Nöte von Burgauer Kleinhandwerk mit Nebenerwerbslandwirtschaft im 19.—20. Jh. (erste Hälfte) am Beispiel von drei Bäckereien
Nach dem Übergang der Vorderösterreichischen Markgrafschaft Burgau an Bayern zum 1 Januar 1806 wurde von Burgau 1825 ein exakt vermessener Stadtplan gefertigt. 1826/27 wurde zu den Hausnummern 1-407 eine Liste mit den jeweiligen Haushaltsvorständen beziehungsweise Einzelpersonen mit Berufen angelegt. Im letzten „Burgau aktuell“ wurde die häufigste Wirtschaftsweise mit Kleingewerbe und Nebenerwerbslandwirtschaft vorwiegend zum eigenen Bedarf beschrieben, die bis ins 20. Jahrhundert hinein reichte. Die für 2100 Einwohner teils vielen Betriebe in einzelnen Branchen, z.B. 10 Brauereien, 8 Metzger, 17 Schuster und 12 Bäckereien weisen auf Kleingewerbe hin, das beim damaligen Kinderreichtum wenig finanzielle Reserven für unvorhergesehene Ereignisse oder Notfälle hatte. Die erste, mit heutigen Betrieben vergleichbare Bäckerei/Konditorei, hat erst im Jahr 1906 der „Pariser Bäck“ an der Ecke Tellerstraße/Käppelestraße gebaut.

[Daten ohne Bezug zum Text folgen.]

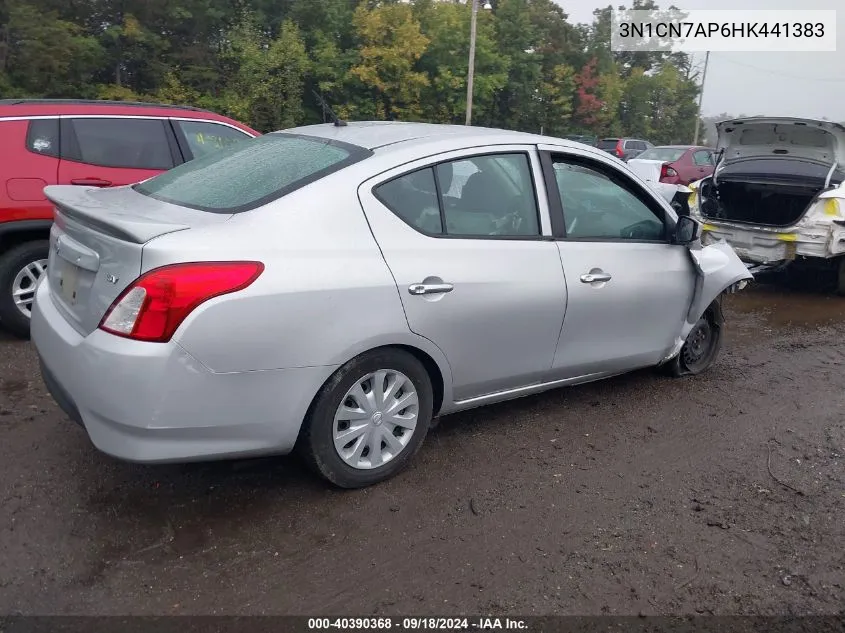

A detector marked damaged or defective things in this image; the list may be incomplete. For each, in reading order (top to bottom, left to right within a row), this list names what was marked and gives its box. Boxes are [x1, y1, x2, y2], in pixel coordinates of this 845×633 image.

rear collision damage [684, 116, 844, 286]
white damaged car [684, 116, 844, 288]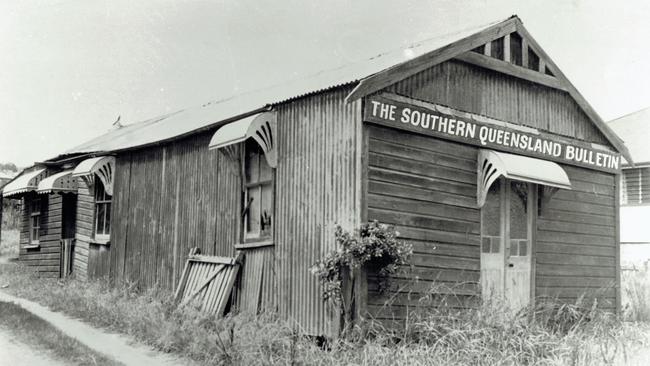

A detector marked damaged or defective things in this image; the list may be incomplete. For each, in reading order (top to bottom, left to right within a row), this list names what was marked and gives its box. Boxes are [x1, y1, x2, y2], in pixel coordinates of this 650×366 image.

rusted corrugated metal [388, 60, 612, 146]
rusted corrugated metal [107, 133, 239, 290]
rusted corrugated metal [274, 86, 362, 338]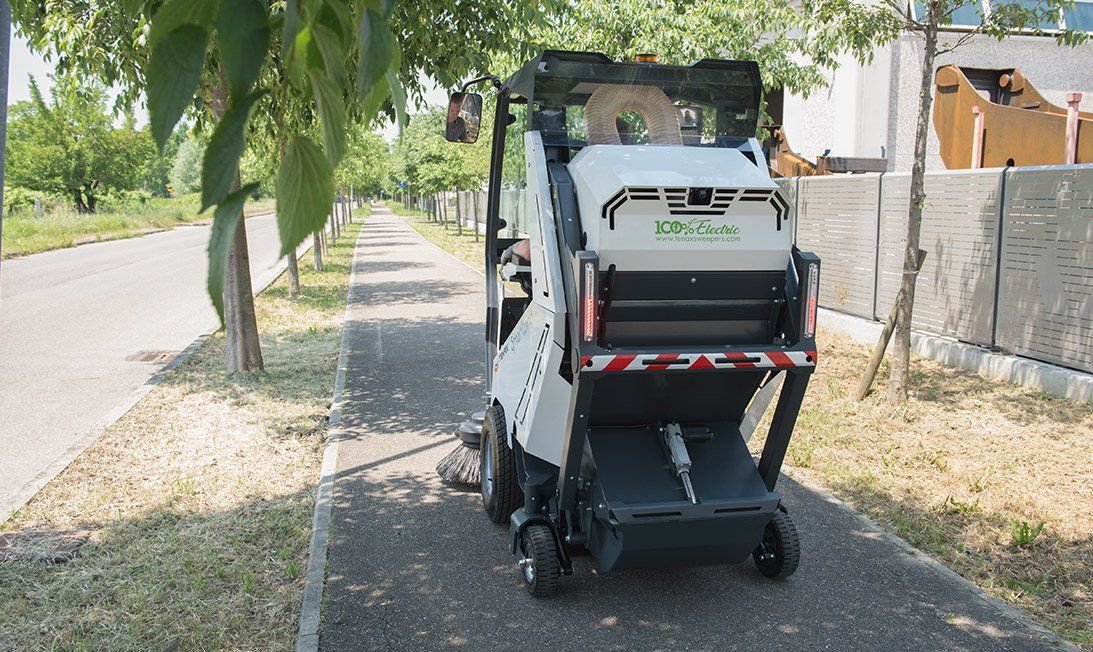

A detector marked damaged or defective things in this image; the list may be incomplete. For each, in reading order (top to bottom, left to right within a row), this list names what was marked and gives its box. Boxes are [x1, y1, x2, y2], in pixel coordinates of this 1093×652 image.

rusty metal structure [931, 64, 1093, 168]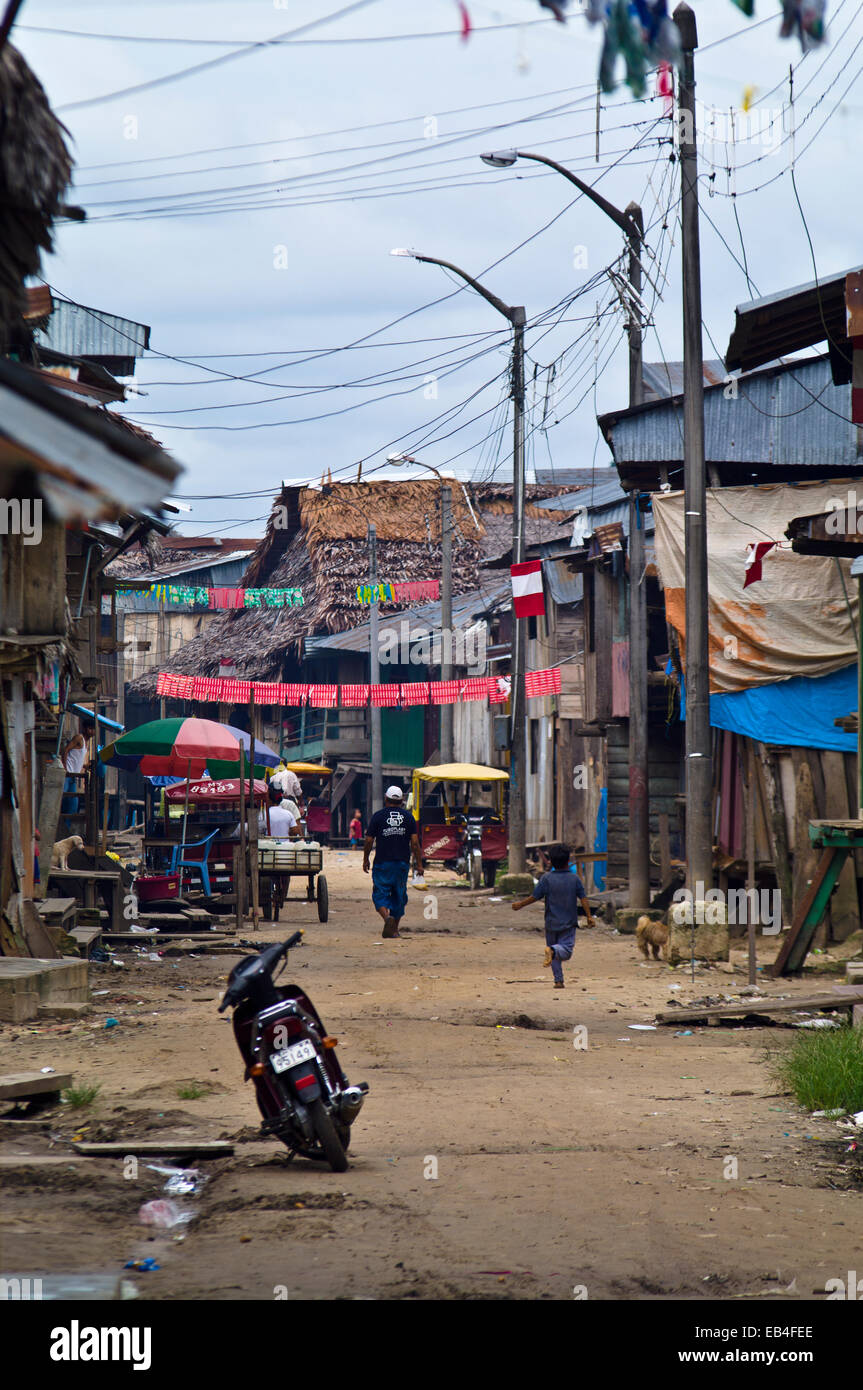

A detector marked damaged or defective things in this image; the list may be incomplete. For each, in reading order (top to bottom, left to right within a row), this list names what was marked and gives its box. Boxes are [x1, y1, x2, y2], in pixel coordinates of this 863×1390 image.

rusty metal roof wall [600, 355, 856, 469]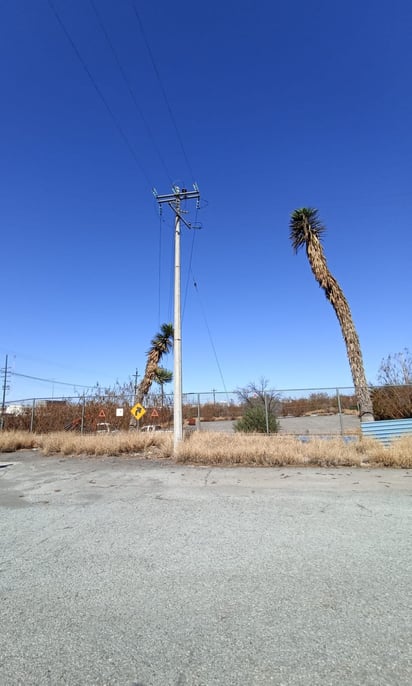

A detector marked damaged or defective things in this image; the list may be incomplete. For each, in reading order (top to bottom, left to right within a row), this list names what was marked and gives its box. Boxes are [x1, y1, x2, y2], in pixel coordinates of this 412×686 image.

cracked asphalt [0, 452, 410, 686]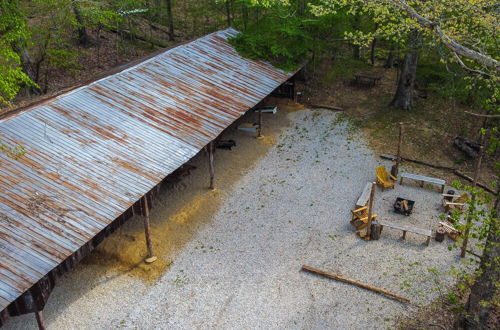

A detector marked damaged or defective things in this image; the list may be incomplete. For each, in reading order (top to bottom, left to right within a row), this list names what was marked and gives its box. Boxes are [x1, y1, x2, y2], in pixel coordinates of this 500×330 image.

rusty metal roof [0, 27, 294, 310]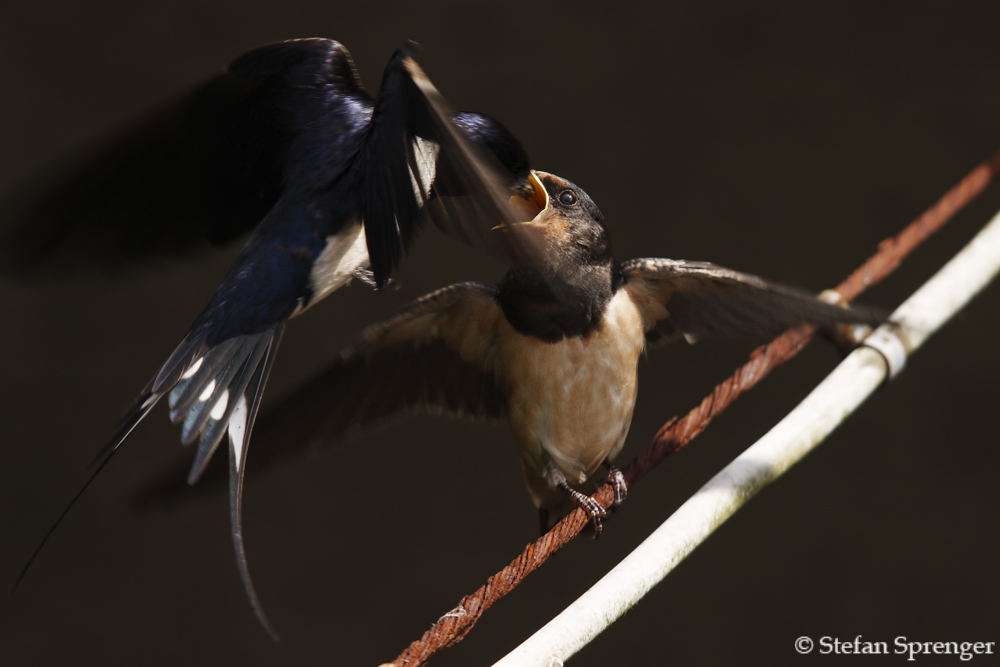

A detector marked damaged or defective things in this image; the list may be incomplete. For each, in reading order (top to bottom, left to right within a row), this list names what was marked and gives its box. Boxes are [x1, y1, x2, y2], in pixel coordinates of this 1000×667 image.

rusty wire [382, 147, 1000, 667]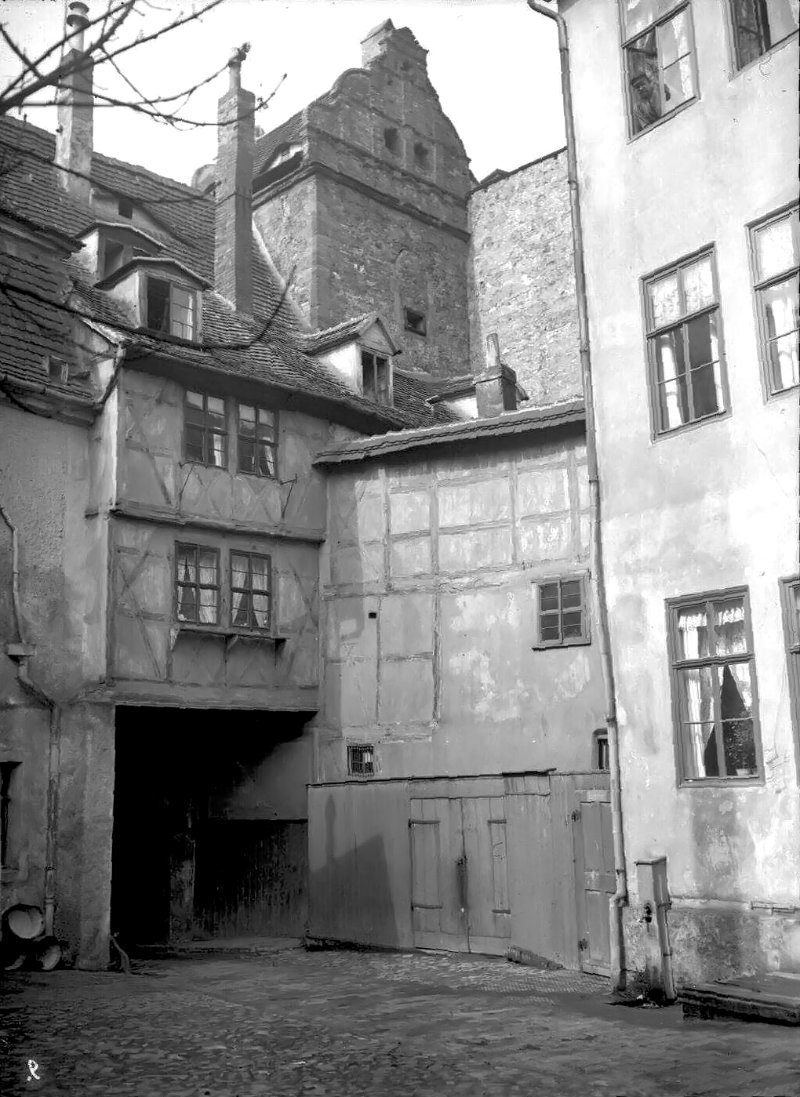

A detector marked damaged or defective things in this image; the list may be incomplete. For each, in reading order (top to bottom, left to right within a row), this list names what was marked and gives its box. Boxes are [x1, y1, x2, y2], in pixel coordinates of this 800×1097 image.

peeling plaster wall [316, 427, 601, 781]
peeling plaster wall [566, 0, 794, 978]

An 3 Bäckereien soll die Problematik des oben angeführten Kleinhandwerks aufgezeigt werden: Das Brot wurde noch teilweise in „Lohnarbeit“ gebacken: die Nebenerwerbslandwirte brachten von der Mühle ihre Mehlsäcke zum Bäcker, für jedes Brot wurde von deren Gewicht ein Anteil abgezogen und lediglich für Zubereitung und Backen ein Betrag verrechnet, ein Pfenniggeschäft. In manchen Bäckereien hielt sich dieser Brauch noch bis in die sechziger Jahre des 20. Jahrhunderts, mit der „Mehlabzugsliste“ unter dem Ladentisch für die noch wenigen Landwirte. Eine vernünftige Kapitaldecke konnte damit im 19. Jahrhundert kaum aufgebaut werden und unvorhergesehene Belastungen durften auf die Familien nicht zukommen.
Im Haus 370 in der Teller-Gasse (heute Hausnr. 18) war 160 Jahre lang der Laibles-Bäck. Der Hausname ist weder auf Brotlaibe noch auf Weihnachts-Laible zurückzuführen: im Einwohnerverzeichnis der Stadt Burgau von 1826/27 ist unter der Hausnummer 370 ein Bäcker mit Familiennamen Laible verzeichnet. Dessen Nachkommen gerieten aus nicht eindeutig bekannten Gründen Ende des 19. Jahrhunderts in zunehmende Verschuldung. Das Bankwesen für Handwerker, Landwirte und sonstige Kleinschuldner, wie z.B. Genossenschaftsbanken entwickelte sich damals erst. Bei finanziellen Problemen borgte man sich gerne Geld bei der Verwandtschaft, soweit die welches hatte, oder wandte sich häufiger an wohlhabende Juden, die das Kreditgeschäft betrieben. Zur Jahrhundertwende (um 1900) hatten sich die Laibles beim jüdischen Kaufmann Regensburger aus Ichenhausen völlig überschuldet, so dass ihr Grundstück Teller-Gasse 370 „auf die Gant“ kam. Dieser damals noch öfters verwendende Begriff beschreibt eine Überschuldung mit folgendem Notverkauf oder Versteigerung der beliehenen Sache.
Beim Verkauf des Grundstücks an die „Pfarrhofbäck“-Tochter Karolina Kleber und ihren Verlobten am 15. April 1903, unterschrieb den Vertrag beim Burgauer Notar Heinrich Boehme anstelle von Bäcker Laible Abraham Regensburger aus Ichenhausen. Im Notarvertrag sind neben dem Grundstück in der Teller-Gasse einige kleinere landwirtschaftlich genutzte Flächen angeführt.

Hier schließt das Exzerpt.